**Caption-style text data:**

____

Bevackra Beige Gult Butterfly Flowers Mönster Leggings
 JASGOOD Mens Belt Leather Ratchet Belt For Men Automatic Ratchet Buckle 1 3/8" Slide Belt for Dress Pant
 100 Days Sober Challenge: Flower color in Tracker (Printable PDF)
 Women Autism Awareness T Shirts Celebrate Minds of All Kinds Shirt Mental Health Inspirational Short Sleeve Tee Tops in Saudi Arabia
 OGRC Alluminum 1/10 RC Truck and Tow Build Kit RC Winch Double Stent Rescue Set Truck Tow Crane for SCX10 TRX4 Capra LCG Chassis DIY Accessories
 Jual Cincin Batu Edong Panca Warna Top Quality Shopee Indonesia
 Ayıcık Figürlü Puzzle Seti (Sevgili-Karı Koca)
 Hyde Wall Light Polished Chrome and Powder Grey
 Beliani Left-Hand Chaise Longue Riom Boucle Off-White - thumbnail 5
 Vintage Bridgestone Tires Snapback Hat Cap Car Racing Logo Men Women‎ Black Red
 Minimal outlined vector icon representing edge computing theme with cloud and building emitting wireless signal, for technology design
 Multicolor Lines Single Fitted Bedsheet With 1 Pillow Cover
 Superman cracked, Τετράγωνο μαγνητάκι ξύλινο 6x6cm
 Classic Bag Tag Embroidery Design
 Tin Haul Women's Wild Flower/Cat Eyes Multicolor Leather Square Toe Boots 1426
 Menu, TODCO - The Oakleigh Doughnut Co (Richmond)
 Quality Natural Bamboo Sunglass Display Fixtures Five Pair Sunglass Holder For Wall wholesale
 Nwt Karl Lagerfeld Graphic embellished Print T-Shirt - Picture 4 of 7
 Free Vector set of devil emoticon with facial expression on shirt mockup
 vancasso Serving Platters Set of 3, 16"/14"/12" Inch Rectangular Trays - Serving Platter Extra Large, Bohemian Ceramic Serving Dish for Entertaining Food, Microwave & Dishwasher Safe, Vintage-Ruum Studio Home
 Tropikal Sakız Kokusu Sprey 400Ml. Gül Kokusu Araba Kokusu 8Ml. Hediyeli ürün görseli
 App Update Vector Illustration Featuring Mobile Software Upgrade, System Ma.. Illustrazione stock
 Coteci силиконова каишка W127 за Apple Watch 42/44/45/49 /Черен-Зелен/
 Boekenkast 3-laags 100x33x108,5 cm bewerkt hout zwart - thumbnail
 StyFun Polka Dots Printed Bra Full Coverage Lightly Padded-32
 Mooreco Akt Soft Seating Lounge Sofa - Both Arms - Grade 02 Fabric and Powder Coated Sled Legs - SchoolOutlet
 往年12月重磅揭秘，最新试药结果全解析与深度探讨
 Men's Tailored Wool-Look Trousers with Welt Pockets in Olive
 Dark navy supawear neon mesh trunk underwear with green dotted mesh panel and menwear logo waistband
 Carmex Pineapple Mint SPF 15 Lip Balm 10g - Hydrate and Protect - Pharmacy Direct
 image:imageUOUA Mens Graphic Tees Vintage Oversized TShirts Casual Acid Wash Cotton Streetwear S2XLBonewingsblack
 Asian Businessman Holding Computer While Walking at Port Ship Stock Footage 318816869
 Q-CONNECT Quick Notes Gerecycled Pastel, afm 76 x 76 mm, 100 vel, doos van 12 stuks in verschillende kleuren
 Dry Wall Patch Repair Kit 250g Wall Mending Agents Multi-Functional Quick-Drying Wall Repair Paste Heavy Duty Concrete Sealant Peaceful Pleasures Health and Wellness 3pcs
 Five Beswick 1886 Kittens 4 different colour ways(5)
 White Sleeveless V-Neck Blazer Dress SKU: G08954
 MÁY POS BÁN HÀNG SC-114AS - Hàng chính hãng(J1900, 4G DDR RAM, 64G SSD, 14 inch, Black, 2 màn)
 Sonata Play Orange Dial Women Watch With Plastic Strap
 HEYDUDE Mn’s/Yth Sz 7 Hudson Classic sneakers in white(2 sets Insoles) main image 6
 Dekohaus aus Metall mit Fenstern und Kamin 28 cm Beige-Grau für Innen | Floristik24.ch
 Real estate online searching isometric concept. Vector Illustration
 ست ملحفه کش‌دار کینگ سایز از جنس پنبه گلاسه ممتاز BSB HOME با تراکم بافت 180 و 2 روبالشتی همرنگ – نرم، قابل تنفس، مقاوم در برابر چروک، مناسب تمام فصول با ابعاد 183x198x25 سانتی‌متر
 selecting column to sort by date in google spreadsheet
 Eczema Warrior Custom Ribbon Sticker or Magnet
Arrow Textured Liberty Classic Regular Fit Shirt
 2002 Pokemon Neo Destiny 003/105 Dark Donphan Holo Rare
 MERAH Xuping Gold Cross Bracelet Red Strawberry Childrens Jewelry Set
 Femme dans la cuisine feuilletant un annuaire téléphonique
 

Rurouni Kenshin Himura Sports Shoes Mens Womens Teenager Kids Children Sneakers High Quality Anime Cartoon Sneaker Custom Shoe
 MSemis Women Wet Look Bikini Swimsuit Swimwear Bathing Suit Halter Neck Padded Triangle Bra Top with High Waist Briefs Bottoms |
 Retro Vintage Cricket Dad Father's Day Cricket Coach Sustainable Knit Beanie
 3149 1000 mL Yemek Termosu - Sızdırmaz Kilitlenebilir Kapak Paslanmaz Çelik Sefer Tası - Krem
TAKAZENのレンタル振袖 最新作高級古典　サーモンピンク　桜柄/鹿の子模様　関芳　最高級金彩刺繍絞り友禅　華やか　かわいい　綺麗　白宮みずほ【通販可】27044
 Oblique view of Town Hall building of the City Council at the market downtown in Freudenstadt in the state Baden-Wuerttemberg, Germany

____

**Task requirements:** Each record above must be output without any alteration.

**Response area:**
Bevackra Beige Gult Butterfly Flowers Mönster Leggings
 JASGOOD Mens Belt Leather Ratchet Belt For Men Automatic Ratchet Buckle 1 3/8" Slide Belt for Dress Pant
 100 Days Sober Challenge: Flower color in Tracker (Printable PDF)
 Women Autism Awareness T Shirts Celebrate Minds of All Kinds Shirt Mental Health Inspirational Short Sleeve Tee Tops in Saudi Arabia
 OGRC Alluminum 1/10 RC Truck and Tow Build Kit RC Winch Double Stent Rescue Set Truck Tow Crane for SCX10 TRX4 Capra LCG Chassis DIY Accessories
 Jual Cincin Batu Edong Panca Warna Top Quality Shopee Indonesia
 Ayıcık Figürlü Puzzle Seti (Sevgili-Karı Koca)
 Hyde Wall Light Polished Chrome and Powder Grey
 Beliani Left-Hand Chaise Longue Riom Boucle Off-White - thumbnail 5
 Vintage Bridgestone Tires Snapback Hat Cap Car Racing Logo Men Women‎ Black Red
 Minimal outlined vector icon representing edge computing theme with cloud and building emitting wireless signal, for technology design
 Multicolor Lines Single Fitted Bedsheet With 1 Pillow Cover
 Superman cracked, Τετράγωνο μαγνητάκι ξύλινο 6x6cm
 Classic Bag Tag Embroidery Design
 Tin Haul Women's Wild Flower/Cat Eyes Multicolor Leather Square Toe Boots 1426
 Menu, TODCO - The Oakleigh Doughnut Co (Richmond)
 Quality Natural Bamboo Sunglass Display Fixtures Five Pair Sunglass Holder For Wall wholesale
 Nwt Karl Lagerfeld Graphic embellished Print T-Shirt - Picture 4 of 7
 Free Vector set of devil emoticon with facial expression on shirt mockup
 vancasso Serving Platters Set of 3, 16"/14"/12" Inch Rectangular Trays - Serving Platter Extra Large, Bohemian Ceramic Serving Dish for Entertaining Food, Microwave & Dishwasher Safe, Vintage-Ruum Studio Home
 Tropikal Sakız Kokusu Sprey 400Ml. Gül Kokusu Araba Kokusu 8Ml. Hediyeli ürün görseli
 App Update Vector Illustration Featuring Mobile Software Upgrade, System Ma.. Illustrazione stock
 Coteci силиконова каишка W127 за Apple Watch 42/44/45/49 /Черен-Зелен/
 Boekenkast 3-laags 100x33x108,5 cm bewerkt hout zwart - thumbnail
 StyFun Polka Dots Printed Bra Full Coverage Lightly Padded-32
 Mooreco Akt Soft Seating Lounge Sofa - Both Arms - Grade 02 Fabric and Powder Coated Sled Legs - SchoolOutlet
 往年12月重磅揭秘，最新试药结果全解析与深度探讨
 Men's Tailored Wool-Look Trousers with Welt Pockets in Olive
 Dark navy supawear neon mesh trunk underwear with green dotted mesh panel and menwear logo waistband
 Carmex Pineapple Mint SPF 15 Lip Balm 10g - Hydrate and Protect - Pharmacy Direct
 image:imageUOUA Mens Graphic Tees Vintage Oversized TShirts Casual Acid Wash Cotton Streetwear S2XLBonewingsblack
 Asian Businessman Holding Computer While Walking at Port Ship Stock Footage 318816869
 Q-CONNECT Quick Notes Gerecycled Pastel, afm 76 x 76 mm, 100 vel, doos van 12 stuks in verschillende kleuren
 Dry Wall Patch Repair Kit 250g Wall Mending Agents Multi-Functional Quick-Drying Wall Repair Paste Heavy Duty Concrete Sealant Peaceful Pleasures Health and Wellness 3pcs
 Five Beswick 1886 Kittens 4 different colour ways(5)
 White Sleeveless V-Neck Blazer Dress SKU: G08954
 MÁY POS BÁN HÀNG SC-114AS - Hàng chính hãng(J1900, 4G DDR RAM, 64G SSD, 14 inch, Black, 2 màn)
 Sonata Play Orange Dial Women Watch With Plastic Strap
 HEYDUDE Mn’s/Yth Sz 7 Hudson Classic sneakers in white(2 sets Insoles) main image 6
 Dekohaus aus Metall mit Fenstern und Kamin 28 cm Beige-Grau für Innen | Floristik24.ch
 Real estate online searching isometric concept. Vector Illustration
 ست ملحفه کش‌دار کینگ سایز از جنس پنبه گلاسه ممتاز BSB HOME با تراکم بافت 180 و 2 روبالشتی همرنگ – نرم، قابل تنفس، مقاوم در برابر چروک، مناسب تمام فصول با ابعاد 183x198x25 سانتی‌متر
 selecting column to sort by date in google spreadsheet
 Eczema Warrior Custom Ribbon Sticker or Magnet
Arrow Textured Liberty Classic Regular Fit Shirt
 2002 Pokemon Neo Destiny 003/105 Dark Donphan Holo Rare
 MERAH Xuping Gold Cross Bracelet Red Strawberry Childrens Jewelry Set
 Femme dans la cuisine feuilletant un annuaire téléphonique
 

Rurouni Kenshin Himura Sports Shoes Mens Womens Teenager Kids Children Sneakers High Quality Anime Cartoon Sneaker Custom Shoe
 MSemis Women Wet Look Bikini Swimsuit Swimwear Bathing Suit Halter Neck Padded Triangle Bra Top with High Waist Briefs Bottoms |
 Retro Vintage Cricket Dad Father's Day Cricket Coach Sustainable Knit Beanie
 3149 1000 mL Yemek Termosu - Sızdırmaz Kilitlenebilir Kapak Paslanmaz Çelik Sefer Tası - Krem
TAKAZENのレンタル振袖 最新作高級古典　サーモンピンク　桜柄/鹿の子模様　関芳　最高級金彩刺繍絞り友禅　華やか　かわいい　綺麗　白宮みずほ【通販可】27044
 Oblique view of Town Hall building of the City Council at the market downtown in Freudenstadt in the state Baden-Wuerttemberg, Germany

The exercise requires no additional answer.